Table 1 shows that the offset value used to compare distance array elements quickly reaches 1. To enhance CombSort, I set out to find an approach that resets or restores the value of the offset to a value greater than 1, as long as it is feasible. In creating what I call the Extended CombSort method, I tried a few techniques to appropriately reset the offset value after it reaches 1 the first time. My early attempts were to systematically restore once or twice the offset value to its initial value. Figure 2 is the pseudocode for the Extended CombSort method that I eventually settled on. The new algorithm uses a counter (which I call the reset counter) to monitor the extent to which the method restores the offset value. The algorithm performs the following additional tasks after it ends the loop that compares the array elements:

1. Increments a reset-counter when the inOrder flag is True (that is, when the loop did not swap any element).

2. Restores the offset value using the reset counter when the inOrder flag is false and the offset value is 1.

These two tasks empower the algorithm to accelerate moving array elements to their proper indices that yield a sorted array. CExCombSort.cpp is the test program that compares the Bubble, CombSort, and Extended CombSort methods. I included the Bubble sort for comparison’s sake. The listing declares the class CExCombSort, which encapsulates the following members:

·         The data member m_lCount stores the number of array elements.

·         The data member m_ plArr is the pointer to the dynamic array of long integers.

·         The data member m_lComps stores the number of times array elements are compared.

·         The data member m_lSwaps stores the number of times array elements are swapped.

·         The data member m_lResets stores the number of times the offset value is reset.

·         A class constructor that initializes the data members.

·         The member function CreateRandArr creates a dynamic array (accessed by the data member m_plArr) and assigns random numbers to its elements.

·         The member function CreateAscendArr creates a dynamic ordered array that has values in ascending order.

·         The member function CreateDescendArr creates a dynamic ordered array that has values in descending order.

·         The member functions getSwaps, getComps, and getResets return the values for the number of element swaps, element comparisons, and offset value resets, respectively.

·         The member function BubbleSort implements the Bubble sort method. This member function creates a local copy of the instance’s array elements and then sorts the local array.

·         The member function CombSort implements the CombSort method. This member function creates a local copy of the instance’s array elements and then sorts the local array.

·         The member function ExCombSort implements the Extended CombSort method. This member function creates a local copy of the instance’s array elements and then sorts the local array.

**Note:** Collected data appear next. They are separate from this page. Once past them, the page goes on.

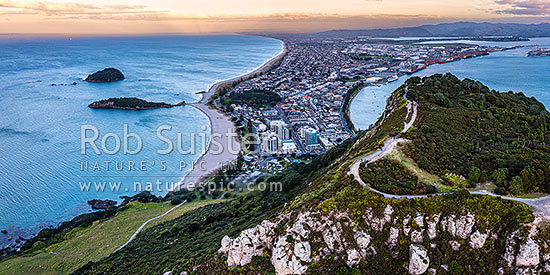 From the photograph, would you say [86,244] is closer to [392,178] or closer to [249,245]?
[249,245]

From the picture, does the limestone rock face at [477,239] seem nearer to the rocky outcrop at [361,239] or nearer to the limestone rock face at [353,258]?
the rocky outcrop at [361,239]

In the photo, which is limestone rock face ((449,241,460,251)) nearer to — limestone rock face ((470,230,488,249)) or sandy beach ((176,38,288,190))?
limestone rock face ((470,230,488,249))

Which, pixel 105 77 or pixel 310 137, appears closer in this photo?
pixel 310 137

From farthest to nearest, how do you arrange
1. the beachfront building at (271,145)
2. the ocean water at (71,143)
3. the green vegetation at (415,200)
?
the beachfront building at (271,145), the ocean water at (71,143), the green vegetation at (415,200)

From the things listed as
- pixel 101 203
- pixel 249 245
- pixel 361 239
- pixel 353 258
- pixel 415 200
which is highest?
pixel 415 200

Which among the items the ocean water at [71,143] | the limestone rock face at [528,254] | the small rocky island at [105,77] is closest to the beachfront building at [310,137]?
the ocean water at [71,143]

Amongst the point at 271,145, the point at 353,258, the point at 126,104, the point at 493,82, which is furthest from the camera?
the point at 493,82

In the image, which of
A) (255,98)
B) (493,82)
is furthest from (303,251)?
(493,82)

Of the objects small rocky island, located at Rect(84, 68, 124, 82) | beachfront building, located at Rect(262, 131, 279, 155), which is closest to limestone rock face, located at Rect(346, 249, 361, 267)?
beachfront building, located at Rect(262, 131, 279, 155) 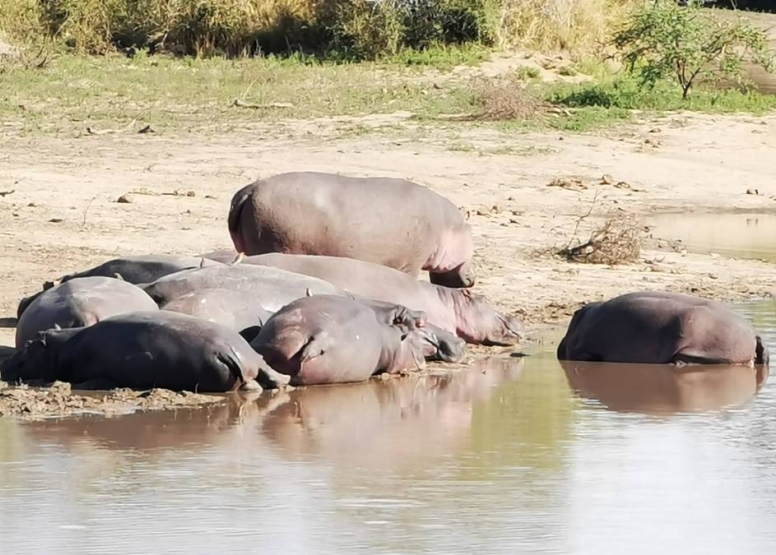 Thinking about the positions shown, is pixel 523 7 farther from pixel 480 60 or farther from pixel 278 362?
pixel 278 362

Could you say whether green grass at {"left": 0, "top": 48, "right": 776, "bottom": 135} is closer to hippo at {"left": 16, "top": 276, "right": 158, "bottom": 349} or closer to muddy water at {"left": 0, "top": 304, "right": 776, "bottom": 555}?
hippo at {"left": 16, "top": 276, "right": 158, "bottom": 349}

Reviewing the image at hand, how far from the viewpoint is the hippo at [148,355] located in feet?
22.3

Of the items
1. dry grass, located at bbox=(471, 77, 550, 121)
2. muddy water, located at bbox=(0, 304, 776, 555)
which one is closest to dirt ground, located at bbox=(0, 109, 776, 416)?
dry grass, located at bbox=(471, 77, 550, 121)

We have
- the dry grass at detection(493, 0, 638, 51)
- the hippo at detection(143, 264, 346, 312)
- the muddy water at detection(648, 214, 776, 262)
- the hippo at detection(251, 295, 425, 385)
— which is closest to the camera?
the hippo at detection(251, 295, 425, 385)

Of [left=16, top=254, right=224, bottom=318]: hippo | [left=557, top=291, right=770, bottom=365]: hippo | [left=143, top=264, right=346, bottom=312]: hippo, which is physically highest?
[left=143, top=264, right=346, bottom=312]: hippo

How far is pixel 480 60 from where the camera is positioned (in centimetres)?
2147

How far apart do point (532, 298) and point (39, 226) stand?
11.1 feet

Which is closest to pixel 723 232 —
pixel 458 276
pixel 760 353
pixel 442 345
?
pixel 458 276

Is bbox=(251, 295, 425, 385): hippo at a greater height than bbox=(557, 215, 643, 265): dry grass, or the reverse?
bbox=(251, 295, 425, 385): hippo

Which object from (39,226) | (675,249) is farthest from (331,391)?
(675,249)

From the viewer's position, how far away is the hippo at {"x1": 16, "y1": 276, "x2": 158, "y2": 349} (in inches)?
284

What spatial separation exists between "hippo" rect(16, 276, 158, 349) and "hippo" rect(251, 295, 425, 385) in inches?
22.8

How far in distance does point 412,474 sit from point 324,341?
1628 mm

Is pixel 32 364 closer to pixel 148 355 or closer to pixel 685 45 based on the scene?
pixel 148 355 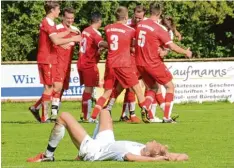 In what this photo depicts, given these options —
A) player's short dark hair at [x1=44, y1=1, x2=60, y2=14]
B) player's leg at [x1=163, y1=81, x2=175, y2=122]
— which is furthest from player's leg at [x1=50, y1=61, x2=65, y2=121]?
player's leg at [x1=163, y1=81, x2=175, y2=122]

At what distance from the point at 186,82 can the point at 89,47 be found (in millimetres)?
11862

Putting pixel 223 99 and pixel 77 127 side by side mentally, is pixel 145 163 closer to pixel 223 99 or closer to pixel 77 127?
pixel 77 127

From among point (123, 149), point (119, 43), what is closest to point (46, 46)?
point (119, 43)

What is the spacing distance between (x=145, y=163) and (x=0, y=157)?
2139 millimetres

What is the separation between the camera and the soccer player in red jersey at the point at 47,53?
2212cm

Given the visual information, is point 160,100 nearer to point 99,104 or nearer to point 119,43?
point 99,104

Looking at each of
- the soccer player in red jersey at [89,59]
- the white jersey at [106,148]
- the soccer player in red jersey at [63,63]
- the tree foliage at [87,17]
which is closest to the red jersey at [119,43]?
the soccer player in red jersey at [89,59]

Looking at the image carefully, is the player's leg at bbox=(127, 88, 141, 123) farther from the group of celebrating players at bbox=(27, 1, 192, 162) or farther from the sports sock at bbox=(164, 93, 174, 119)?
the sports sock at bbox=(164, 93, 174, 119)

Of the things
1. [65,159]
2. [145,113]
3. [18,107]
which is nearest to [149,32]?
[145,113]

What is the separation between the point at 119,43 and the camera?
2212cm

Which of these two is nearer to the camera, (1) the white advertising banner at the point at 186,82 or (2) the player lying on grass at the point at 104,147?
(2) the player lying on grass at the point at 104,147

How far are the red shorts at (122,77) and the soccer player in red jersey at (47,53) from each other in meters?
1.17

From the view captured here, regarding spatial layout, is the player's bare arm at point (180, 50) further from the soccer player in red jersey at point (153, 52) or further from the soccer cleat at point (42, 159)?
the soccer cleat at point (42, 159)

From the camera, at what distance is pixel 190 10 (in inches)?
1932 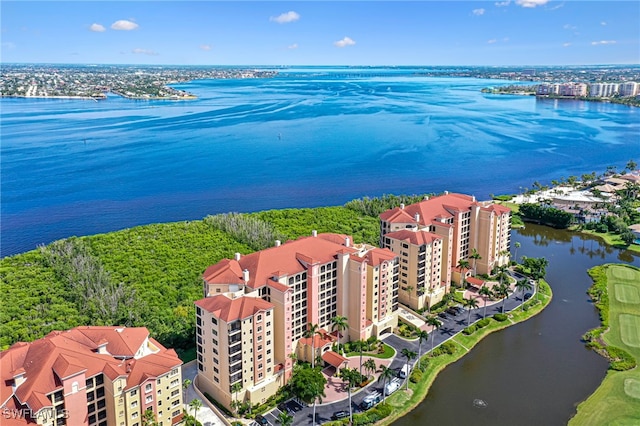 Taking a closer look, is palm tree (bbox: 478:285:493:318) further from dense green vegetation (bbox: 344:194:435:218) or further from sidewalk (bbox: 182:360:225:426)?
sidewalk (bbox: 182:360:225:426)

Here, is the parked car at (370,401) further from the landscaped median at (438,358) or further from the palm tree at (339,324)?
the palm tree at (339,324)

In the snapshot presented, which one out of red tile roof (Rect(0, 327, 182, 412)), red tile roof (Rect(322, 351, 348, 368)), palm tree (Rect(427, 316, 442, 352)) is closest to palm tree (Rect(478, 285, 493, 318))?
palm tree (Rect(427, 316, 442, 352))

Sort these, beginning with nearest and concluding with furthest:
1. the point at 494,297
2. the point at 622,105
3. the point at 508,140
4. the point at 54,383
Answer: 1. the point at 54,383
2. the point at 494,297
3. the point at 508,140
4. the point at 622,105

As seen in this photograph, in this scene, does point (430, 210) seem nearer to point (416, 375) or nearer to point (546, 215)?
point (416, 375)

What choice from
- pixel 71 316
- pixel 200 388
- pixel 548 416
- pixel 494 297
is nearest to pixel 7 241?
pixel 71 316

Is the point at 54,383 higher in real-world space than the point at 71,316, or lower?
higher

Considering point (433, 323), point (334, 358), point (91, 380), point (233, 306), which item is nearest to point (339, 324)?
point (334, 358)

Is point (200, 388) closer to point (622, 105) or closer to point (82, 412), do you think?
point (82, 412) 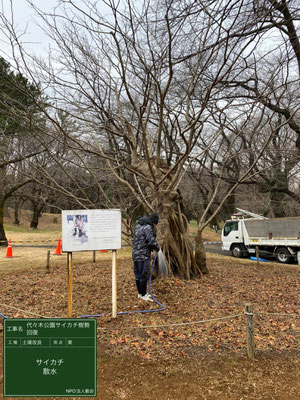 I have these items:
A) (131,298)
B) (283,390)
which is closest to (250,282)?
(131,298)

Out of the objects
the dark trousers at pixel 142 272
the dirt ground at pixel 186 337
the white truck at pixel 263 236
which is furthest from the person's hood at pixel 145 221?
the white truck at pixel 263 236

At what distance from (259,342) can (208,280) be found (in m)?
3.42

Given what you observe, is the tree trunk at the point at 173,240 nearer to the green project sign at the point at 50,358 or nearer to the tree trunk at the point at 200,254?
the tree trunk at the point at 200,254

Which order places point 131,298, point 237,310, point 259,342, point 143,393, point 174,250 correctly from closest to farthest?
1. point 143,393
2. point 259,342
3. point 237,310
4. point 131,298
5. point 174,250

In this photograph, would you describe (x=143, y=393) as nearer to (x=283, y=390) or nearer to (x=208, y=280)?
(x=283, y=390)

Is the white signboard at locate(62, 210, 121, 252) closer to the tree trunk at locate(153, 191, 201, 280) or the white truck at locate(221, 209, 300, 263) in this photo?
the tree trunk at locate(153, 191, 201, 280)

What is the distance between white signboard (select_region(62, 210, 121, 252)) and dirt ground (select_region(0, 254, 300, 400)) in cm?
125

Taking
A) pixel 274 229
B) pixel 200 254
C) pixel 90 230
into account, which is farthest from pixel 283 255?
pixel 90 230

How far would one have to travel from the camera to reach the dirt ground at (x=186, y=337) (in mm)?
2951

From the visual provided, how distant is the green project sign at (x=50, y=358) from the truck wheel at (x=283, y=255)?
1391 cm

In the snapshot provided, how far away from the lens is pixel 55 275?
8.38 m

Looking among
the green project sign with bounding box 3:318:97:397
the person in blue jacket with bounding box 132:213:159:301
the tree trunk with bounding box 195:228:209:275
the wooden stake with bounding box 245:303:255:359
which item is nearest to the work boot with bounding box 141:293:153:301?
the person in blue jacket with bounding box 132:213:159:301

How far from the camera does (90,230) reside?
177 inches

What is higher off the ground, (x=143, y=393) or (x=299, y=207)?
(x=299, y=207) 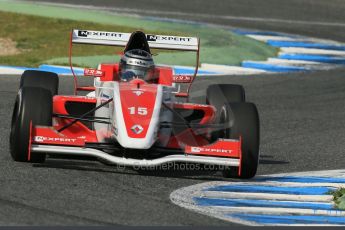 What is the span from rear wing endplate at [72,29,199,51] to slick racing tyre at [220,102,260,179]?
129 cm

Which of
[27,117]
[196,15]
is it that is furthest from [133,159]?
[196,15]

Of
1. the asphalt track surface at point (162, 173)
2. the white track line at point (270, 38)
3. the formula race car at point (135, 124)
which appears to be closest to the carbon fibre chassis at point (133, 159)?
the formula race car at point (135, 124)

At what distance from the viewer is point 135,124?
8562 mm

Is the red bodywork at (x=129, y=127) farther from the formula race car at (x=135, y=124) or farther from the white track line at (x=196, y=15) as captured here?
the white track line at (x=196, y=15)

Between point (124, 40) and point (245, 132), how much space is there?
1984 millimetres

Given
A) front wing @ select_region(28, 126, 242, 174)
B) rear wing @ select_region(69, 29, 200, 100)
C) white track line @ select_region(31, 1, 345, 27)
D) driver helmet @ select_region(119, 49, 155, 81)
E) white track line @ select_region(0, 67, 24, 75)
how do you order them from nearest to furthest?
front wing @ select_region(28, 126, 242, 174)
driver helmet @ select_region(119, 49, 155, 81)
rear wing @ select_region(69, 29, 200, 100)
white track line @ select_region(0, 67, 24, 75)
white track line @ select_region(31, 1, 345, 27)

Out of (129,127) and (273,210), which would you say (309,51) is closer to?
(129,127)

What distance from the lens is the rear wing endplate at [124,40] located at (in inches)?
407

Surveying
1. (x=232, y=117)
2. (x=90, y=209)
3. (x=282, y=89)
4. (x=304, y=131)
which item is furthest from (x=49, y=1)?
(x=90, y=209)

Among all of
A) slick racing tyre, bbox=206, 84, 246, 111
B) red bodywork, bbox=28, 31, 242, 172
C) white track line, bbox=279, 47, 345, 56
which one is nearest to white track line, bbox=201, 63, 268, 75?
white track line, bbox=279, 47, 345, 56

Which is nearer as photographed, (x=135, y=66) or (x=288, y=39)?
(x=135, y=66)

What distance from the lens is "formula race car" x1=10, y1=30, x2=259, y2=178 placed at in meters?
8.59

CExCombSort.cpp also declares function main. This function creates the object objSort as an instance of class CExCombSort. The function uses a loop to test arrays of different sizes ranging from 100 to 50,000. In each iteration, the function creates a random array and then sorts a copy of that array using the Bubble sort, CombSort, and Extended CombSort methods. Since we are dealing with arrays storing random numbers, each iteration contains a nested loop that performs these tasks several times to get multiple results. Once testing the random arrays ends, the function then tests sorting ordered arrays (with ascending and descending values) using the three sorting algorithms. Sorting arrays with initially descending values represents a worse-case scenario. The other extreme is supplying the sorting methods with arrays that are already ordered.

The function main sends the output to the console and to various text files. The sort.dat text file contains a copy of the console output. The text file sortCDD.dat contains comma-delimited values for the array size, common log of the array size, the product of the latter two values, and the common log of the number of comparisons and swaps for the three sorting methods used. The last field is the number of offset resets used by the Extended CombSort method. The function also sends comma-delimited data for sorted reverse ordered arrays to file sortDesCDD.dat. This file has comma-delimited fields that are similar to those in file sortCDD.dat.

Table 2 is a sample output for file sortCDD.dat. The advantage of using common logarithm values is the ability to easily examine values that have a very wide range, since you can focus on the order of magnitudes. Studying Table 2 shows that the Extended CombSort has a number of comparisons and swaps that are less by at least an order of magnitude, compared with CombSort, for array size with 2500 elements or more. The gap widens, when the array size increases to 50,000 elements, to almost three orders of magnitude.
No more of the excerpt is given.